Ken Hornstein kenh at cmf.nrl.navy.mil
Fri Nov 10 18:49:09 EST 2006


Marcus has answered your question in detail.  I will only add a few extra
bits.

>I don't really know.  I know that Kerberos v5 is FIPS compliant and I
>know that SSH v2 is FIPS compliant.  However, are the Linux packages
>FIPS compliant?

When people say "FIPS compliant", they are usually talking about
FIPS 140-1 or 140-2.  These particular FIPS standards are significant
because government agencies are required to only purchase cryptographic
hardware and software that are certified to this standard.  Whether or
not government agencies can use open-source software that do not meet
these standards is a question which is open to interpretation.

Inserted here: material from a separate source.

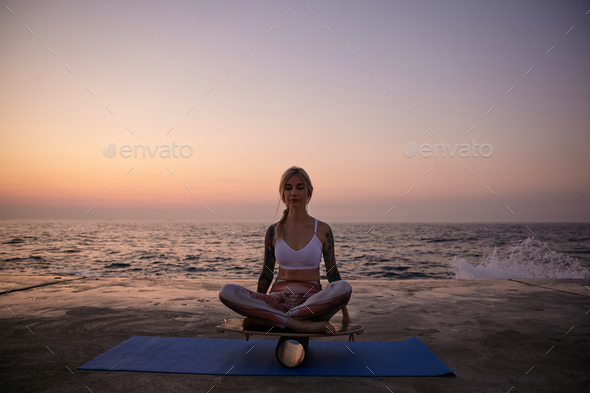Outdoor shot of young healthy female with good body shape posing over sea view during sunrise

Like Marcus said, protocols are not covered under any FIPS standards that
I am aware of.  Particular crypto implementations can be certified,
if you're willing to spend the time and money to do so (it's in the
tens of thousands of dollars when I looked into it).  I know of no
open-source Kerberos implementation that have been certified under any
of the FIPS 140 standards.  The situation with OpenSSH is more complicated.
What really gets certified is the crypto module, which in this case
is OpenSSL.  The OpenSSL FIPS 140 certification is in a weird state;
it might get resolved, it might not, but I don't want to go into that
here.

As a practical matter, all government agencies that I deal with basically
ignore the FIPS requirements when it comes to open-source software.  Last
week I saw a presentation by the people who are working on the FIPS 140
certification for OpenSSL.  After seeing that, it just reinforces my opinion
that FIPS 140 is a complete waste of time for software.